Task item
Give back exactly the stretch of data below from the line holding "It also accepts" through the line holding "It's a CRUD", both ends included, and leave the remaining lines out.
※
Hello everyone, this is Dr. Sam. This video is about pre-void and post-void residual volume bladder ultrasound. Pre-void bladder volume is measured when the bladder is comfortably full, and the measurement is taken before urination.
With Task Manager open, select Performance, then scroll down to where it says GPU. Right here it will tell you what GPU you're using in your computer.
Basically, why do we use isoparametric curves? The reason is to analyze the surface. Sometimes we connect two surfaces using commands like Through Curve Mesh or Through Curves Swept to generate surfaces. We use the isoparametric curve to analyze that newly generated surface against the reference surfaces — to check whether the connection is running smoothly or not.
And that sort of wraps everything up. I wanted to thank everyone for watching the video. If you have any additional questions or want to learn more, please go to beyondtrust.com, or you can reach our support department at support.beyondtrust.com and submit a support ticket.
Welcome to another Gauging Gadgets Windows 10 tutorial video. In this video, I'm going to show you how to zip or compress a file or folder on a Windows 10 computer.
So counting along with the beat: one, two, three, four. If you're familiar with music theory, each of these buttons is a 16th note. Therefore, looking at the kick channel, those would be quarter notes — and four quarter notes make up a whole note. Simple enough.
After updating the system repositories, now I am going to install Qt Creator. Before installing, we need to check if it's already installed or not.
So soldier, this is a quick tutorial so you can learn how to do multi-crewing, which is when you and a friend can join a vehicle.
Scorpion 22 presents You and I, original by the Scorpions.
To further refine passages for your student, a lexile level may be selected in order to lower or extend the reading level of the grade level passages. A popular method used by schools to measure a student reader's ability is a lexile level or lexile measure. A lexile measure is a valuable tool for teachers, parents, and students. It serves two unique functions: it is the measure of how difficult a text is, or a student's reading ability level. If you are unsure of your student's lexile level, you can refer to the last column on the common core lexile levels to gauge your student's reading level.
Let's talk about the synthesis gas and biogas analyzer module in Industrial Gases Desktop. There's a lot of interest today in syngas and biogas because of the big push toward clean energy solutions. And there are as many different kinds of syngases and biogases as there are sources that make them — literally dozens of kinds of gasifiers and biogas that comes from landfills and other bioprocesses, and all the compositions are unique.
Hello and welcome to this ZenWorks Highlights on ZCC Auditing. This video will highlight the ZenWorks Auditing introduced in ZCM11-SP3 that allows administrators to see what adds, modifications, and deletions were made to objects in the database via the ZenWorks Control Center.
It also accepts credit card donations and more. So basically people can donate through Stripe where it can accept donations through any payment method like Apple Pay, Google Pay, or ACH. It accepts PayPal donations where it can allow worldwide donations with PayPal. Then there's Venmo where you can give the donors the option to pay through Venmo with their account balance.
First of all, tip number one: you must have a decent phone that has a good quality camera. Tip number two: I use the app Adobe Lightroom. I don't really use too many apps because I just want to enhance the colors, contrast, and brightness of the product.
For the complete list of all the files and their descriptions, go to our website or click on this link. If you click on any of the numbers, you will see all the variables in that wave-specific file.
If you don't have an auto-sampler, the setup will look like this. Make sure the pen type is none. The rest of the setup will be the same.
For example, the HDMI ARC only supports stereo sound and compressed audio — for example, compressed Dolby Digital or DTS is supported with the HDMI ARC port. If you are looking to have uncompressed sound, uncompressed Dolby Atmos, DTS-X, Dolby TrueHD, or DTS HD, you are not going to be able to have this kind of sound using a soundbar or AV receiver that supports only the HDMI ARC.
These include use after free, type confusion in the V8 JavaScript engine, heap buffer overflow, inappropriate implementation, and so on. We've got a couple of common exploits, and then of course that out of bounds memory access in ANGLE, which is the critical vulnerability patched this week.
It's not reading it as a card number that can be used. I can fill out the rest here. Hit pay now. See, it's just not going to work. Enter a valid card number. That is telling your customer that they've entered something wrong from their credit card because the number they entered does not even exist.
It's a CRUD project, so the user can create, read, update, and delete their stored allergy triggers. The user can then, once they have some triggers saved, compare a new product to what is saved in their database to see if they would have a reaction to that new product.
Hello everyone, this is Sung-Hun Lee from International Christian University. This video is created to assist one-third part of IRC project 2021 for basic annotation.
※
Solution to this exercise
It also accepts credit card donations and more. So basically people can donate through Stripe where it can accept donations through any payment method like Apple Pay, Google Pay, or ACH. It accepts PayPal donations where it can allow worldwide donations with PayPal. Then there's Venmo where you can give the donors the option to pay through Venmo with their account balance.
First of all, tip number one: you must have a decent phone that has a good quality camera. Tip number two: I use the app Adobe Lightroom. I don't really use too many apps because I just want to enhance the colors, contrast, and brightness of the product.
For the complete list of all the files and their descriptions, go to our website or click on this link. If you click on any of the numbers, you will see all the variables in that wave-specific file.
If you don't have an auto-sampler, the setup will look like this. Make sure the pen type is none. The rest of the setup will be the same.
For example, the HDMI ARC only supports stereo sound and compressed audio — for example, compressed Dolby Digital or DTS is supported with the HDMI ARC port. If you are looking to have uncompressed sound, uncompressed Dolby Atmos, DTS-X, Dolby TrueHD, or DTS HD, you are not going to be able to have this kind of sound using a soundbar or AV receiver that supports only the HDMI ARC.
These include use after free, type confusion in the V8 JavaScript engine, heap buffer overflow, inappropriate implementation, and so on. We've got a couple of common exploits, and then of course that out of bounds memory access in ANGLE, which is the critical vulnerability patched this week.
It's not reading it as a card number that can be used. I can fill out the rest here. Hit pay now. See, it's just not going to work. Enter a valid card number. That is telling your customer that they've entered something wrong from their credit card because the number they entered does not even exist.
It's a CRUD project, so the user can create, read, update, and delete their stored allergy triggers. The user can then, once they have some triggers saved, compare a new product to what is saved in their database to see if they would have a reaction to that new product.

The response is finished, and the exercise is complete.